• [Aim of the exercise] Write out the lines below once more, exactly as they appear. Do not include pictures.

• [Records for processing]
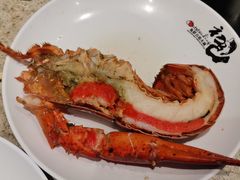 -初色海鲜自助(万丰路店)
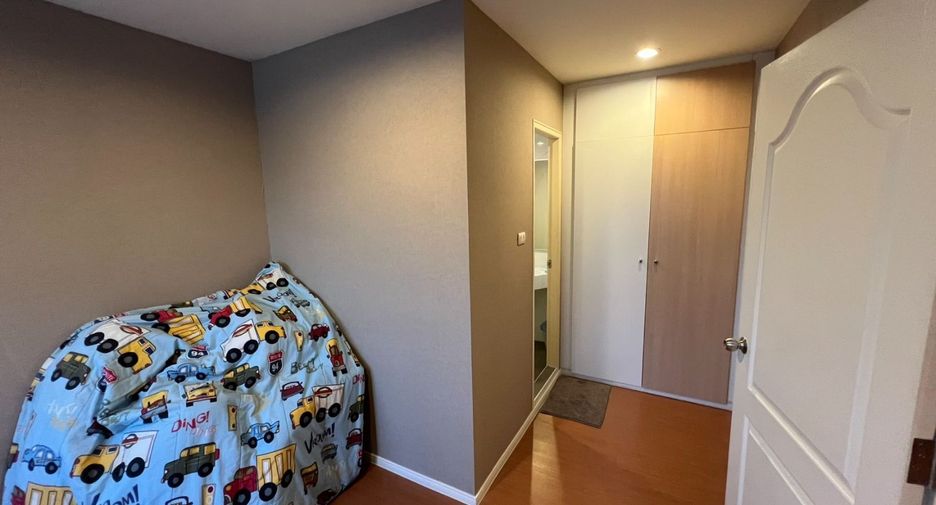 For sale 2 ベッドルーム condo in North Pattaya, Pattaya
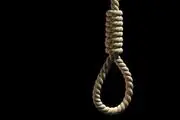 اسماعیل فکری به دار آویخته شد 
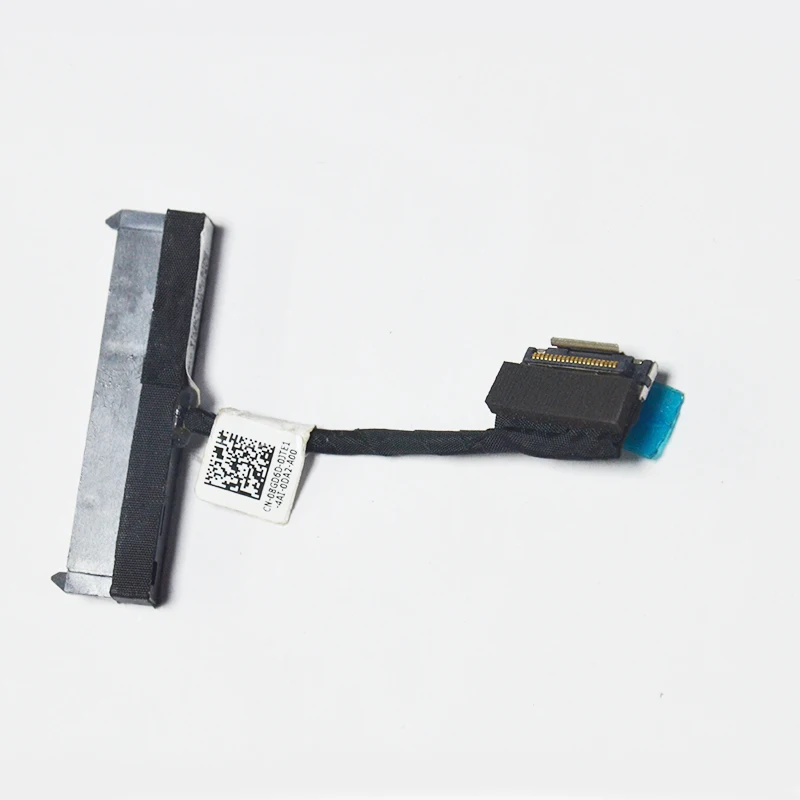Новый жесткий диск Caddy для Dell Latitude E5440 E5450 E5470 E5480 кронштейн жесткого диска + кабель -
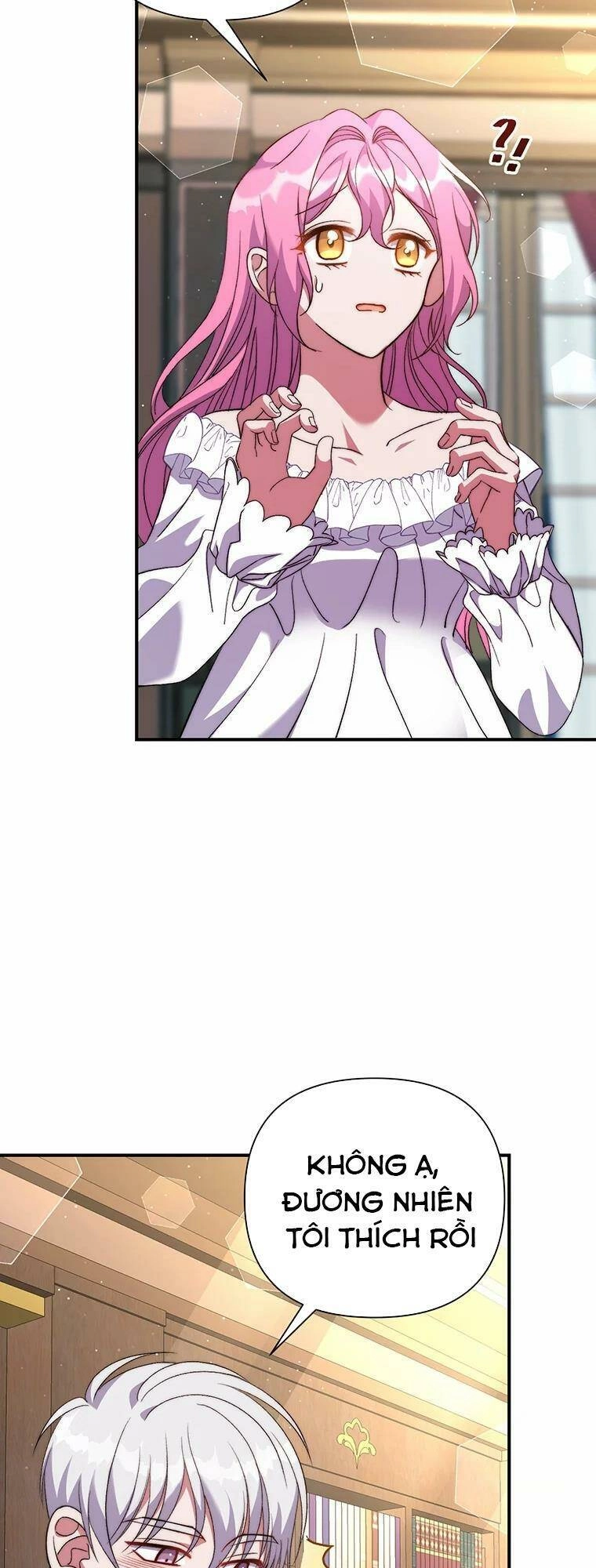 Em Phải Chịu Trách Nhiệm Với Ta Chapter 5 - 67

• [Answer area]
 -初色海鲜自助(万丰路店)
 For sale 2 ベッドルーム condo in North Pattaya, Pattaya
 اسماعیل فکری به دار آویخته شد 
Новый жесткий диск Caddy для Dell Latitude E5440 E5450 E5470 E5480 кронштейн жесткого диска + кабель -
 Em Phải Chịu Trách Nhiệm Với Ta Chapter 5 - 67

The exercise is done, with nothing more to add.